Predicting Keystrokes from Electromyography Signals

Abby Seseri
Department of Computer Science
University of California, Los Angeles
abbyseseri@ucla.edu

Abstract

In this project, I attempted to improve a model that predicts keystrokes from surface electromyography (sEMG) signals using deep learning architectures. The baseline model, which utilized a Time-Depth Separable Convolutional (TDSConv) encoder, was altered to include recurrent architectures such as LSTMs, GRUs, and hybrid CNN-RNN models. I evaluated the performance of these architectures on the emg2qwerty dataset by reducing the Character Error Rate (CER) for a single subject. My experiment included changing model architectures, hyperparameters, and the number of electrode channels. The results suggested that the TDSLSTMEncoderModified architecture, with a hidden size of 512 and dropout of 0.2, achieved the best performance, significantly outperforming the baseline and other architectures. This project offers insights into the effectiveness of different architectures for sequential data and potential directions for further work.

1. Introduction

The emg2qwerty dataset allows the decoding of sEMG signals into keystrokes to be studied. The applications of this can greatly benefit a disabled person, allowing the participant to communicate or move using a neural interface. While the baseline TDSConv model has decent performance, I attempted to use recurrent architectures that are better suited for sequential data to improve the accuracy further.
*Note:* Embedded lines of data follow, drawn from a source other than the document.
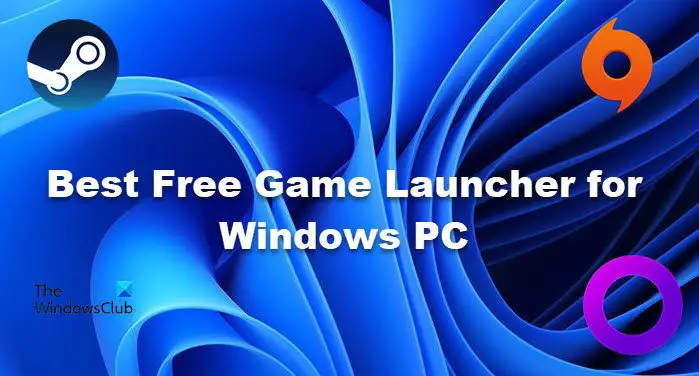 Download game launcher for pc windows 11 download and install microsoft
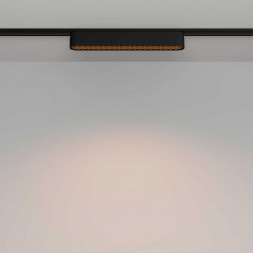 Трековый светодиодный светильник Maytoni Technical Basis Grid TR084-1-12W3K-B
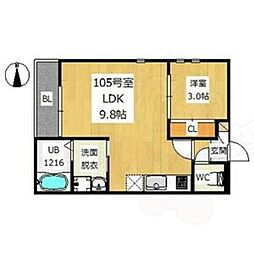 名古屋市営鶴舞線 庄内通駅 徒歩5分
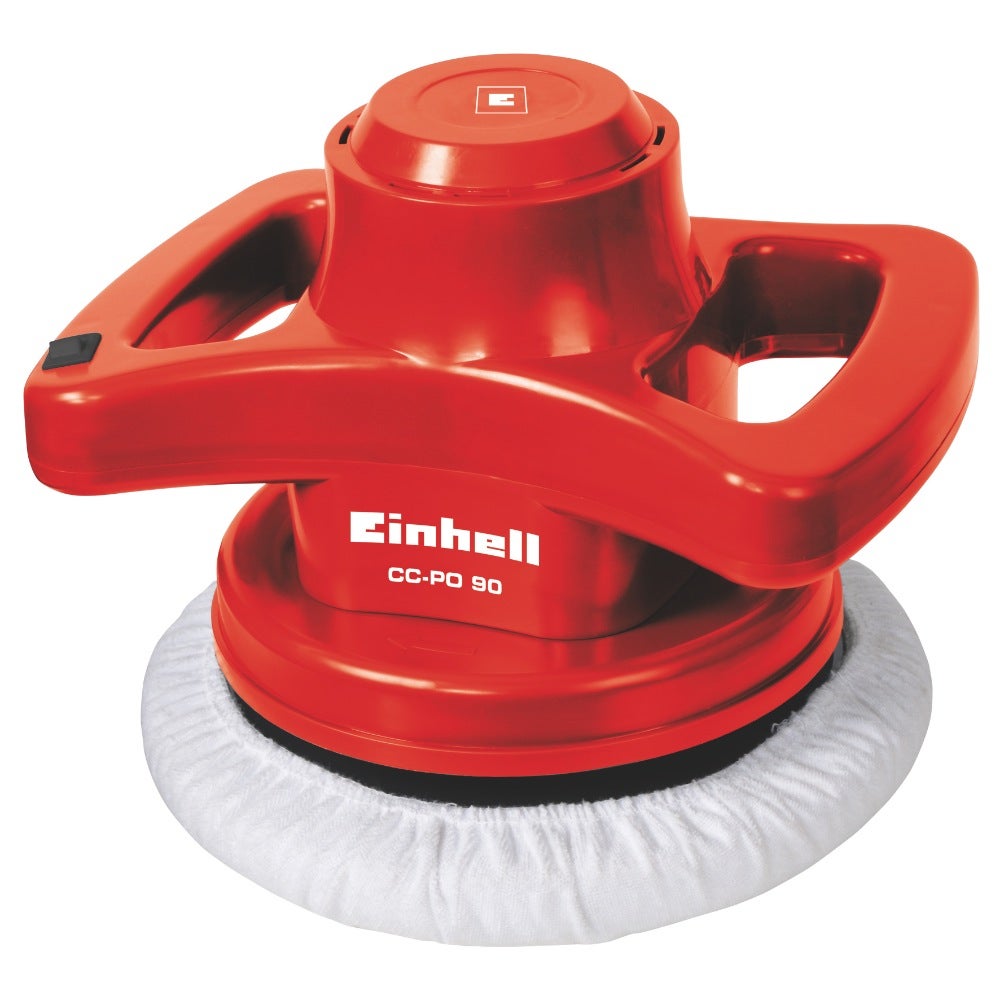 Einhell CC-PO 90 polisseur pour voiture 90 W 2400 tr/min - 6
This project tests the effectiveness of LSTM, GRU, and hybrid CNN-RNN architectures in decreasing the CER. Additionally, I experimented with the impact of different architectural changes, such as dropout and layer normalization. My goal is to design deep learning models for sEMG signal decoding that balance performance and computational efficiency. I focused on minimizing CER in a single subject because a personalized model can help reach a higher accuracy for that subject.

1.1 Motivation

The ability to accurately decode sEMG signals into keystrokes has crucial implications for assistive technologies, particularly for disabled people with motor impairments. Although the baseline TDSConv model has reasonable performance, its reliance on convolutional layers may prevent it from capturing long-term temporal dependencies inherent in sEMG data.

Recurrent architectures like LSTMs and GRUs are suited for sequential data and should improve performance. Furthermore, hybrid architectures combining convolutional and recurrent layers could potentially benefit from both spatial and temporal features. By comparing these architectures, this project aims to find the most effective approach for sEMG-based keystroke prediction.

2. Methods

2.1 Dataset and Preprocessing

The emg2qwerty dataset includes sEMG signals recorded from 16 electrode channels on each wrist, sampled at 2 kHz, and respective keystroke labels. For this project, I focused on a single subject (#89335547). The dataset was split into training, validation, and test sets as provided in the baseline code. Inputs were preprocessed using spectrogram normalization and multi-band rotation-invariant MLP transformations.

2.2 Model Architectures

I replaced the baseline TDSConv encoder with the following architectures:

2.2.1 TDSLSTMEncoder

The TDSLSTMEncoder is a bidirectional LSTM-based encoder with a fully connected block. LSTMs (Long Short-Term Memory networks) are appropriate for sequential data because they can capture long-term dependencies in time series. The bidirectional nature of the LSTM allows the model to process the input sequence in both forward and backward directions.

2.2.2 TDSLSTMEncoderModified

The TDSLSTMEncoderModified is an enhanced version of the TDSLSTMEncoder because it includes dropout and layer normalization. These alterations improve generalization ability and training stability.

2.2.3 TDSGRUEncoder

The TDSGRUEncoder is a bidirectional GRU-based encoder with a fully connected block. GRUs (Gated Recurrent Units) are a variant of LSTMs that use fewer parameters and are computationally more efficient while still capturing temporal dependencies.

2.2.4 CNNRNNEncoder

The CNNRNNEncoder is a hybrid model that combines 1D convolutional layers for feature extraction and an LSTM for temporal modeling. This approach leverages CNNs for spatial features and LSTMs for sequential dependencies.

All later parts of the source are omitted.